Earlier this week, my colleague Michael gave some general background on the Food and Drug Administration and what Congress has to do this year to ensure that the agency can continue to ensure the safety and efficacy of prescription drugs and medical devices. In reading the post, I reflected back on my time leading a program at NIH dedicated to finding new drug compounds in nature, preserving the biological diversity that makes new discoveries possible, and strengthening the ability of developing companies to do such research.
I thought the enormous complexity of the drug discovery and development process warranted an explanation. So how exactly does the FDA make sure that new commercial products are ready for you? Here’s what happens:
Step One: Initial development and testing
Living things and synthetic compounds supply the materials that may be effective in treating illness and injury in humans. Scientists explore various substances, many of which turn out to be dead ends. This initial research should demonstrate that a potential new drug is reasonably safe for initial use in humans, and that it holds some potential for treatment.
Nature provides us with many molecules that can help humans fight disease. The bark of the Pacific yew contains paclitaxel (brand name Taxol), a drug that is used to treat ovarian cancer. It is important to protect our world’s biodiversity so scientists can continue to discover these kinds of compounds. Photo: Flickr user brewbooks
Step Two: Application for testing in humans
Armed with promising results, drug developers submit an Investigational New Drug application to FDA’s Center for Drug Evaluation and Research (CDER) in which they propose “clinical trials” that will expose humans to the potential drug for the first time in limited and highly regulated ways. The application should contain pharmacological and toxicological data derived from animal studies and, if available, information on previous use in humans (often in other countries). The application also should include information about how the drug will be manufactured, who the investigators are, and how the investigators will conduct the clinical trials.
The FDA has 30 days to review the application and raise any red flags. The FDA can also stop clinical trials at any point if the agency sees problems.
Step Three: Clinical trials
The investigators conduct clinical trials in three initial phases described here. Data from these three stages are used to prepare a drug for evaluation. Phase I trials are conducted on a very small group of healthy and non-healthy people to evaluate safety, dosage, and side effects. Once changes are made based on Phase I results, more sick people are exposed to the drug in Phase II to evaluate effectiveness and further understand side effects. If the second phase of trials demonstrates adequate effectiveness, Phase III begins, which is designed to help reviewers determine whether the benefits of the drug outweigh the risks.
Step Four: Application for drug approval
If the clinical trial data is promising, the drug’s sponsor submits a New Drug Approval application to the FDA. In addition to the data, the application includes information about how the drug will be manufactured, proposed dosage, and proposed packaging and labeling.
Step Five: Evaluation of application
Under the Prescription Drug User Fee Act (PDUFA), the agency has ten months to review the application.

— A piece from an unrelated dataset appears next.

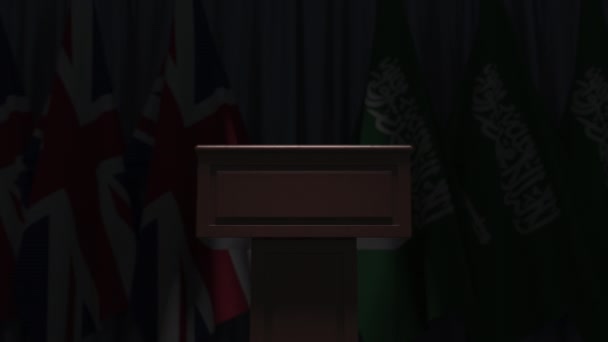 Flags of Saudi arabia and the United Kingdom at international meeting, 3D animation — ストック動画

CDER scientists review the data and proposed labeling. If they determine that the drug’s benefits outweigh its known risks, the drug is approved for sale.
Step Six: Post-market monitoring
Data from a fourth stage of clinical trials is collected after a drug is approved to refine its use. The FDA monitors a drug’s safety and efficacy by maintaining a program called MedWatch that allows the reporting of adverse side effects. Many believe that the FDA does not have adequate resources to carry out effective post-market monitoring.

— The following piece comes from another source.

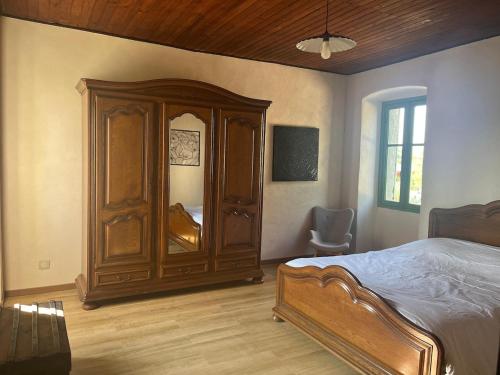 a bedroom with a wooden cabinet and a bed at Casetta Teppe rosse in Aléria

Step Seven: Development of generics
When the patent on a new drug expires, manufacturers apply to FDA to develop generic versions of the drug.
The FDA has a decent summary of how this process worked to develop a new drug to prevent osteoporosis.
Both industry and FDA make big investments in this process. Both have enormous stakes in the outcome. This is why it behooves us to build in safeguards that ensure the process works and stays true to the science. This includes more transparency in the way FDA makes drug approval decisions. This also includes retaining and increasing limitations on conflicts of interest for the scientists who serve on supposedly independent scientific advisory committees that are set up to give advice to FDA on the safety and efficacy of new drugs.
These challenges can be met through the work of Congress to reauthorize the legislation that governs the drug approval process and by the FDA improving and fully implementing its scientific integrity policy.